Let’s look at what the kapéllo system needs. The wasp must lay eggs in exactly the right spot. Its saliva must reprogram the oak’s genes to grow not just any gall, but a gall with a cap. That cap must contain the exact fats that attract ants—not flies, not beetles. The cap must be sized exactly to fit ant mandibles. It must be attached by a lignified seam that breaks cleanly. The gall must drop at the right time of year. And the wasp must somehow walk out of an ant nest months later without being eaten.
Take away any one of these features, and the system collapses. Step-by-step random mutation has no way to assemble all those pieces at once—let alone three separate times, in three unrelated kinds of creatures.
The Rambam writes in Hilchos Yesodei HaTorah (2:2) that the way to come to true ahavas Hashem is to contemplate His wonderful works of creation. The Chovos HaLevavos, in Shaar HaBechinah, devotes the perek to looking carefully at the natural world for proofs of Hashem.

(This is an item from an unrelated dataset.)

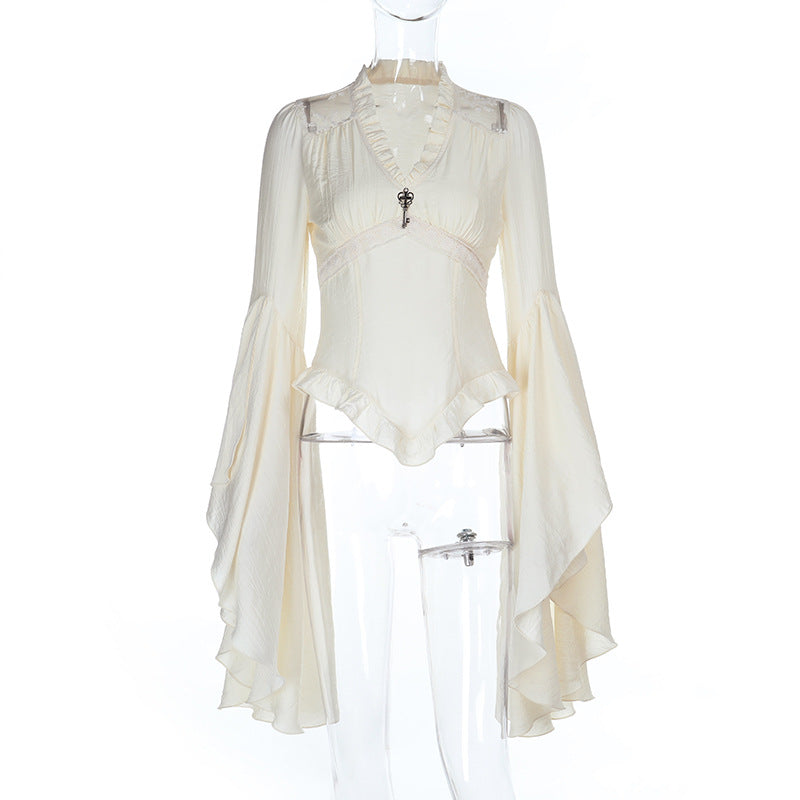 White Victorian ruffle femboy blouse front product shot, flared bell sleeve and V-neck lace detail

Anyone who sees a complicated machine that works perfectly knows there must be a Designer behind it. No one would believe that an ink bottle spilled on a page produced a beautifully written sefer.
The partnership of the oak, the wasp, the ant, and the seed is exactly that kind of beautifully written sefer. The plant gets its seeds planted in safe ground. The wasp gets its babies stored in a fortress full of antimicrobial chemicals from the ants’ own glands, protecting the larvae from fungus that kills so many gall larvae out in the open. The ants get rich, fatty meals delivered to their door.

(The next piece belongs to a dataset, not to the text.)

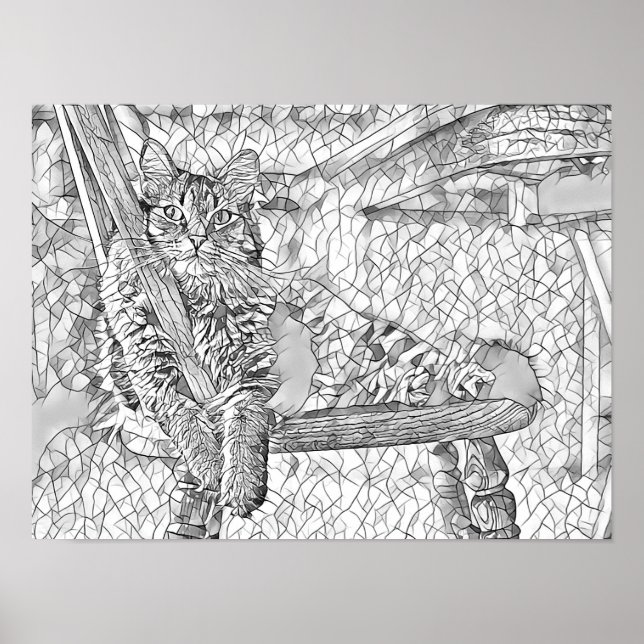 Affiche Kitty cat Assis en chaise art Abstrait Coloration (Devant)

Walking Through the Forest with New Eyes
There is one more wonder the researchers pointed out almost as a side note. Kokkocynips galls in some forests are so common that they used to be called “black oak wheat” in the early 1900s. Farmers would gather them by the bushel to fatten livestock. They are everywhere. And until 2022, no one in the scientific world had quite realized that they were part of an ant-partnership system that mirrors flowers down to the chemistry.
How many other partnerships in creation has man still not noticed?
The next time we visit the Catskills and the autumn leaves fall in a forest, somewhere underneath them an ant is grabbing a tiny ball with a tiny cap, and carrying it home to feed others. The wasp inside that ball is sleeping safely in her enemy’s house. The oak tree above has done its job. And Hashem, who set up this whole arrangement, is being praised by all of them at once—whether they know it or not.
“Kulam b’chochmah asisa.” You have made them all with wisdom. The deeper one looks, the more obvious that becomes.